> [TASK ITEM]: Down to the last line, retype the records below exactly and skip the pictures.

(PROVIDED MATERIAL)

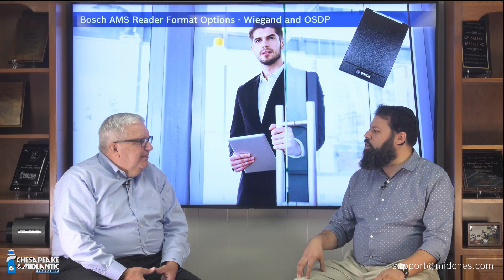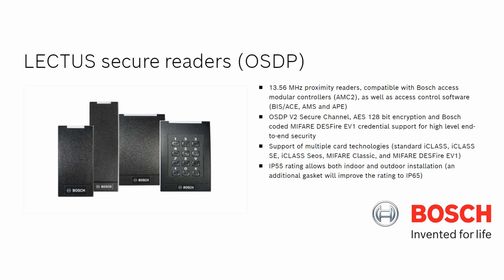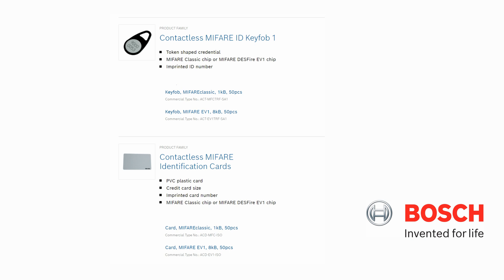Yes. The latest version of AMS, which is AMS 3.0, can handle OSDP. So we do have Wiegand-compatible controllers, and we have OSDP-compatible controllers, so you can connect OSDP readers to the OSDP controllers. We have a single-gang and a single-gang with an integrated keypad. We also have a mullion reader and a mini-mullion reader. Those are compatible with iClass and MIFARE. They're also compatible with DESFire EV1, and we have a Bosch-coded DESFire EV1 credential that we can sell you for additional security, so you can't just pick up a DESFire EV1 credential from anywhere. And if you use OSDP, the signal is going to be encrypted between the reader and the controller using the OSDP-v2 encryption.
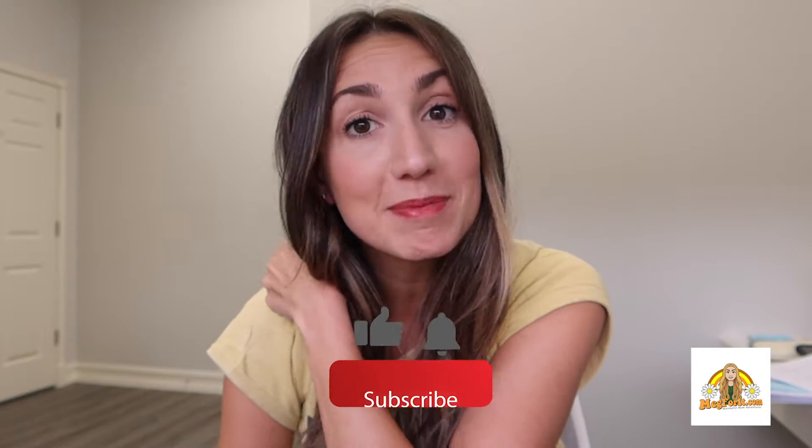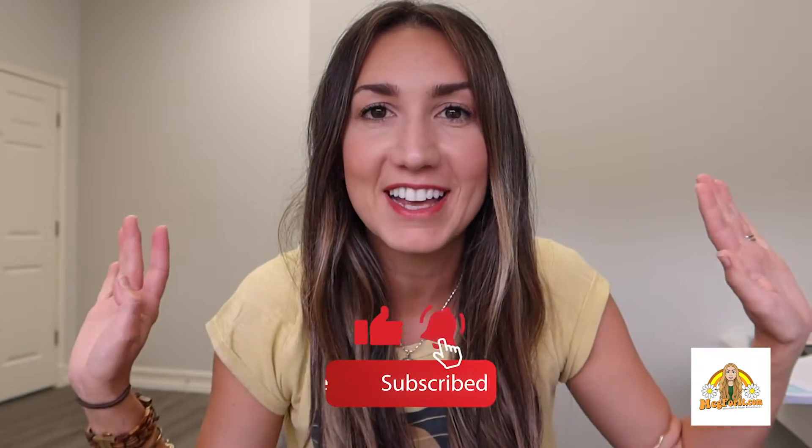Hello beautiful souls! Welcome back to my channel. This is Meg from Meg4.com, an adventure, travel, and minimalist blog. If you are interested, go ahead and subscribe to this channel and then of course check out my blog and all my social media handles down below in the description.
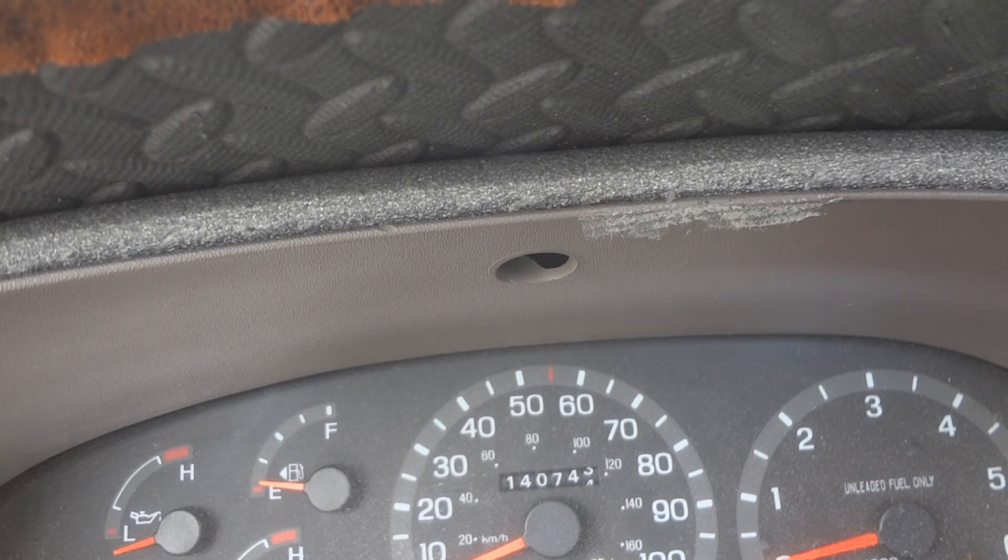Don't listen to what they tell you — tell them you want the battery that fits. Because with this smaller battery they gave me, I had to put things in there, pieces of wood and stuff, so the battery would fit in the tray. And it only worked for a year and a half.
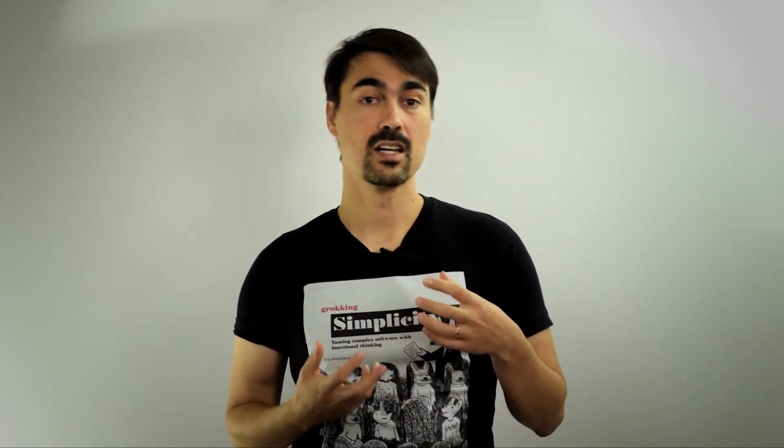Hello. My name is Eric Normand. I've been doing functional programming since 2000, 2001, back in college, and I've had a number of jobs doing various functional languages — Haskell, Clojure, done some functional JavaScript. I've also been teaching Clojure and functional programming online in workshops.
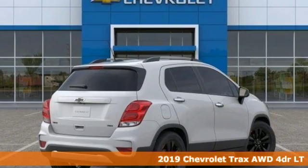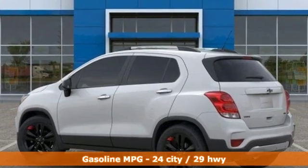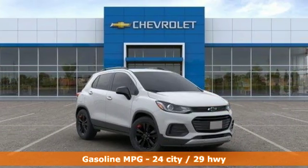It comes with all the amenities you need: automatic transmission, leather steering wheel, streaming audio, rear parking sensors, and manual tilting steering column.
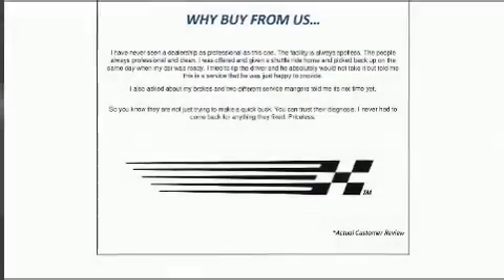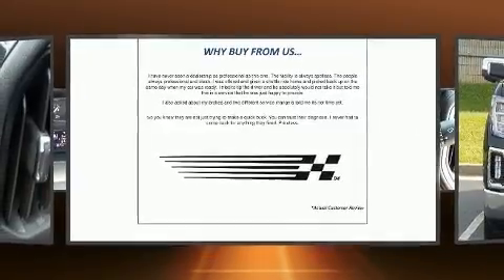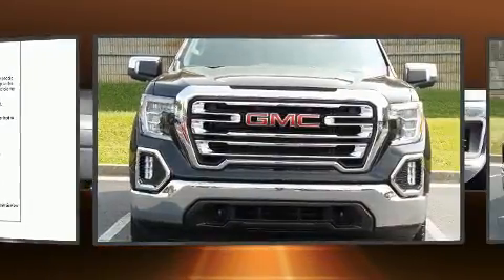Step into the 2020 GMC Sierra 1500. This four-door, five-passenger truck leads among competitors in its segment.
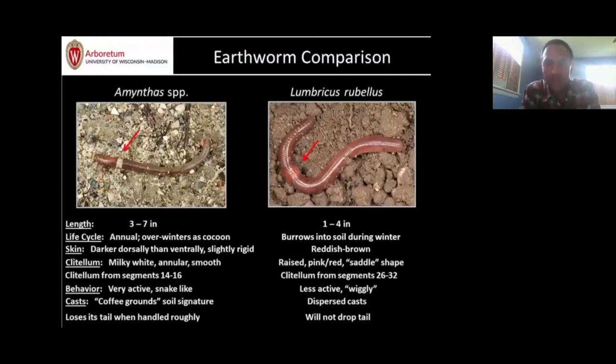The castings the earthworms create — essentially their fecal material — are also distinctive. With European species like Lumbricus, you see dispersed little globs on the soil surface. But with Amynthas, they almost turn the upper layer of soil into coffee grounds. You can almost plunge your hands straight into the material. This coffee-ground appearance is very signature to the Asian jumping worm, and is often the first thing people notice before they even see the worms.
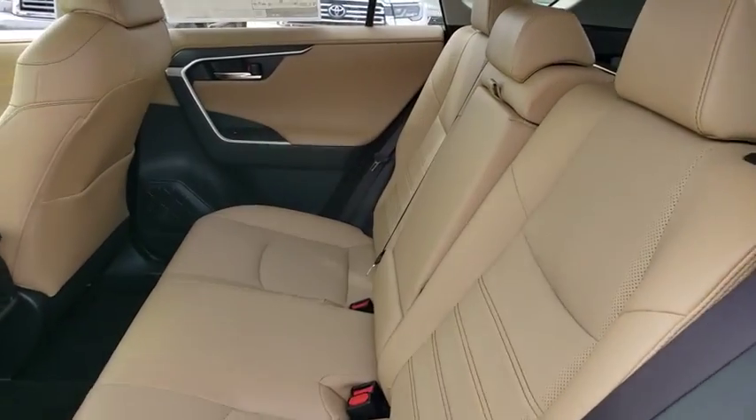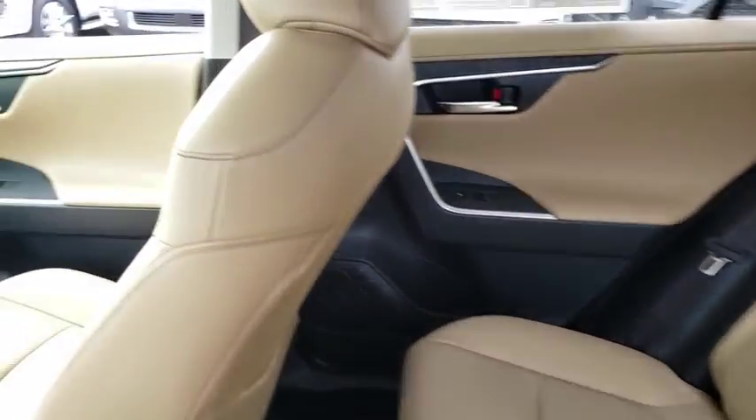Take this vehicle for a spin and see why so many shoppers are now proud owners.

(End PROVIDED MATERIAL)

> [ANSWER SPACE]:
Yes. The latest version of AMS, which is AMS 3.0, can handle OSDP. So we do have Wiegand-compatible controllers, and we have OSDP-compatible controllers, so you can connect OSDP readers to the OSDP controllers. We have a single-gang and a single-gang with an integrated keypad. We also have a mullion reader and a mini-mullion reader. Those are compatible with iClass and MIFARE. They're also compatible with DESFire EV1, and we have a Bosch-coded DESFire EV1 credential that we can sell you for additional security, so you can't just pick up a DESFire EV1 credential from anywhere. And if you use OSDP, the signal is going to be encrypted between the reader and the controller using the OSDP-v2 encryption.
Hello beautiful souls! Welcome back to my channel. This is Meg from Meg4.com, an adventure, travel, and minimalist blog. If you are interested, go ahead and subscribe to this channel and then of course check out my blog and all my social media handles down below in the description.
Don't listen to what they tell you — tell them you want the battery that fits. Because with this smaller battery they gave me, I had to put things in there, pieces of wood and stuff, so the battery would fit in the tray. And it only worked for a year and a half.
Hello. My name is Eric Normand. I've been doing functional programming since 2000, 2001, back in college, and I've had a number of jobs doing various functional languages — Haskell, Clojure, done some functional JavaScript. I've also been teaching Clojure and functional programming online in workshops.
It comes with all the amenities you need: automatic transmission, leather steering wheel, streaming audio, rear parking sensors, and manual tilting steering column.
Step into the 2020 GMC Sierra 1500. This four-door, five-passenger truck leads among competitors in its segment.
The castings the earthworms create — essentially their fecal material — are also distinctive. With European species like Lumbricus, you see dispersed little globs on the soil surface. But with Amynthas, they almost turn the upper layer of soil into coffee grounds. You can almost plunge your hands straight into the material. This coffee-ground appearance is very signature to the Asian jumping worm, and is often the first thing people notice before they even see the worms.
Take this vehicle for a spin and see why so many shoppers are now proud owners.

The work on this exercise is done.